Cómo hablar con sus hijos o nietos sobre su cáncer

Hablar sobre el cáncer con los hijos o nietos puede ser una tarea desalentadora. Puede ser tentador querer protegerlos de la situación abrumadora, incluso a>temorizante, para que no se preocupen. Los hijos o nietos más pequeños a menudo se dan cuenta de los signos sutiles de que algo no está bien y su imaginación puede llevarlos a creer en el peor de los casos . Es importante compartir lo que se siente cómodo con sus seres queridos, no sólo para mantenerlos incluidos, sino también para que pueda construir un sistema de apoyo . La primera conversación es a menudo la más difícil, pero hay varias cosas que puedes hacer para que sea una experiencia exitosa.

Practique en voz alta

Muchas personas encuentran útil ensayar con anticipación qué decir.

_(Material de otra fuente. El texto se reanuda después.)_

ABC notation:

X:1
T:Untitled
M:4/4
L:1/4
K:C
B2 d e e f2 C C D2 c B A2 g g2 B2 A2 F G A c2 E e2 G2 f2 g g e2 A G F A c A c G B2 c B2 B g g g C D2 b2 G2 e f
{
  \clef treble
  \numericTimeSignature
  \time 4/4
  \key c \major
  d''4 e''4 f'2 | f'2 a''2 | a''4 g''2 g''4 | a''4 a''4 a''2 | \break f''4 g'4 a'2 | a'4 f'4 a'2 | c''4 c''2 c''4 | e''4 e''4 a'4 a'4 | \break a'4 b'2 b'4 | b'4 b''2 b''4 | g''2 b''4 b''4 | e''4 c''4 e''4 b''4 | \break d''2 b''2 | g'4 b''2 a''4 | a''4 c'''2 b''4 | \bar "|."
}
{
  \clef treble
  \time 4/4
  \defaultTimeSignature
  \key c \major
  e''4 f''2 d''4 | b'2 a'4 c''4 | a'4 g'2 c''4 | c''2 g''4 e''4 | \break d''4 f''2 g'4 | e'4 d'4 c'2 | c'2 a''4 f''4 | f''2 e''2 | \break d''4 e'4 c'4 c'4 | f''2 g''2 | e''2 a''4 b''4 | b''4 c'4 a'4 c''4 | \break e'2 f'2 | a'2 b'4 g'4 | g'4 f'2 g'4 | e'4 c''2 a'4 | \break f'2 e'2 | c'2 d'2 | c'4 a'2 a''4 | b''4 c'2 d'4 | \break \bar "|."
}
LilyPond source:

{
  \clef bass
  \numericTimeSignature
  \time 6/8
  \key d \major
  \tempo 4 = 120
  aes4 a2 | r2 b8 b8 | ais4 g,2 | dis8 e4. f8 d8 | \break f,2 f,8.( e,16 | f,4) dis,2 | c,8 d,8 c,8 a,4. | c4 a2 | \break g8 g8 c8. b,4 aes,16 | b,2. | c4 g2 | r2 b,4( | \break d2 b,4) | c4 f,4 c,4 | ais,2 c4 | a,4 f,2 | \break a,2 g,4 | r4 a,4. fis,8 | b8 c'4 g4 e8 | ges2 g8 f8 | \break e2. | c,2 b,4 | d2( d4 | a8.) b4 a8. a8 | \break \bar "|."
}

Decir las palabras en voz alta cuando se practica es importante; oírse a sí mismo decir las palabras es una experiencia diferente que simplemente pensar las palabras. Además de practicar las palabras, haga un plan para cuando tendrá esta conversación. Probablemente nunca habrá un “buen momento”, sin embargo, si se apunta a un momento en el que el niño o nieto esté relajado y el ambiente no sea estresante, será más fácil para ambos estar completamente presentes durante la conversación.

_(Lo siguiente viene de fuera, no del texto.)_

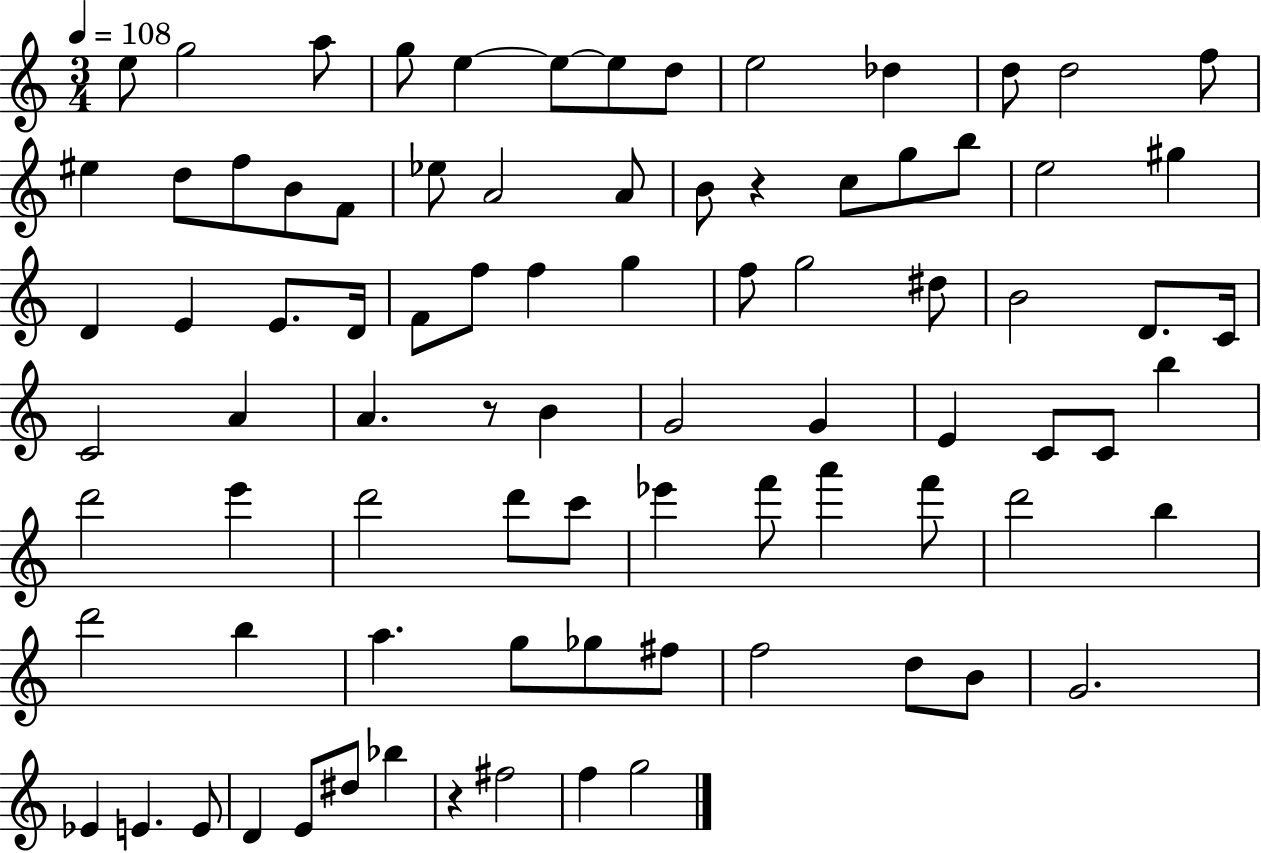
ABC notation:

X:1
T:Untitled
M:3/4
L:1/4
K:C
e/2 g2 a/2 g/2 e e/2 e/2 d/2 e2 _d d/2 d2 f/2 ^e d/2 f/2 B/2 F/2 _e/2 A2 A/2 B/2 z c/2 g/2 b/2 e2 ^g D E E/2 D/4 F/2 f/2 f g f/2 g2 ^d/2 B2 D/2 C/4 C2 A A z/2 B G2 G E C/2 C/2 b d'2 e' d'2 d'/2 c'/2 _e' f'/2 a' f'/2 d'2 b d'2 b a g/2 _g/2 ^f/2 f2 d/2 B/2 G2 _E E E/2 D E/2 ^d/2 _b z ^f2 f g2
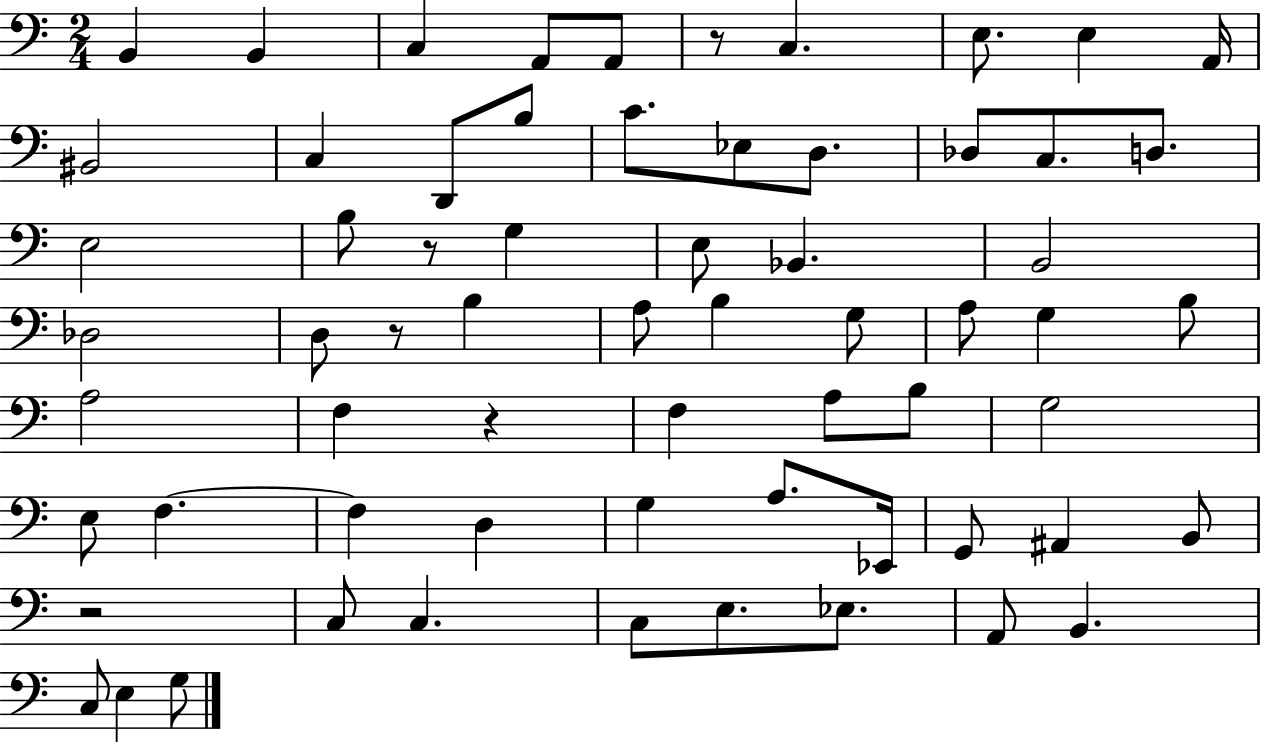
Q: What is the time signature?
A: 2/4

A medida que te sientas más cómodo oyéndote en voz alta mientras practicas, es probable que te resulte más fácil manejar tus emociones . No es necesario (ni siquiera bueno) reprimir tus sentimientos.

Qué decir

Use lenguaje apropiado para el desarrollo y términos familiares tanto como sea posible. Para los niños más pequeños, puede ser suficiente decir simplemente “El abuelo tiene una enfermedad llamada cáncer. No es algo que se pueda contagiar, y el abuelo está trabajando con los médicos para mejorar. Mientras está enfermo puede estar más cansado y no puede tocar tanto como antes, pero le encantaría escucharte leerle”. Los niños mayores podrán obtener más información y hacer preguntas. Deje que ellos guíen la duración o la profundidad de la conversación. Para algunos niños, la información inicial se escuchará y aceptará con bastante facilidad; para otros, pueden sentirse muy molestos y llorar, y sin embargo, otros pueden sentirse abrumados y abandonar la sala. Independientemente de sus respuestas, es importante que los niños sepan que usted entiende cómo se sienten y que usted está disponible si tienen alguna pregunta. Inicie conversaciones de seguimiento más tarde ese mismo día, y en los días siguientes, para mantener abierto el diálogo y demostrar su apoyo a las mismas. Invítelos a hacer preguntas y a usar esto como una oportunidad para adelantarse a cualquier ideas falsas que puedan haber aprendido de otros.

Planificación para el futuro

Los hijos o nietos mayores pueden tener preguntas sobre pronóstico y tratamientos. Cuando discutan estos temas, sean veraces y optimistas, sin crear falsas esperanzas o decir mentiras felices. Esto socavará su futura confianza en ti. Para algunos niños, puede ser útil dejarles ver adónde va su familiar para recibir tratamiento y hablar con un miembro del equipo de atención médica que pueda explicarles los procedimientos y cuál es el objetivo del tratamiento. Un trabajador social médico puede ser de gran ayuda durante esta visita si hay uno disponible.

Soportes adicionales

Encontrar apoyo adicional dónde y cómo lo necesita es crucial. Por ejemplo, puede ser útil notificar a la escuela de un niño más pequeño y a otros adultos involucrados (como entrenadores o los padres de sus amigos cercanos) sobre su reciente conocimiento de un diagnóstico de cáncer en la familia. Algunos niños pueden tener dificultades con los cambios y mostrar algunos comportamientos que están fuera de su carácter; informar a los adultos de confianza sobre la situación ayudará a asegurar que su hijo o nieto tenga una red de apoyo sin importar cuándo o dónde experimenten dificultades.

Hablar sobre el cáncer con los hijos o nietos requiere la capacidad de hablar de información que represente un reto emocional y cognitivo de manera honesta y comprensible. Estos consejos de conversación pueden iniciar el diálogo, sin embargo, su familia puede querer incluir a un profesional para que la ayude con la conversación. Ver a un terapeuta o a un trabajador social puede ayudar a su familia a abordar los factores de comunicación y emocionales en juego.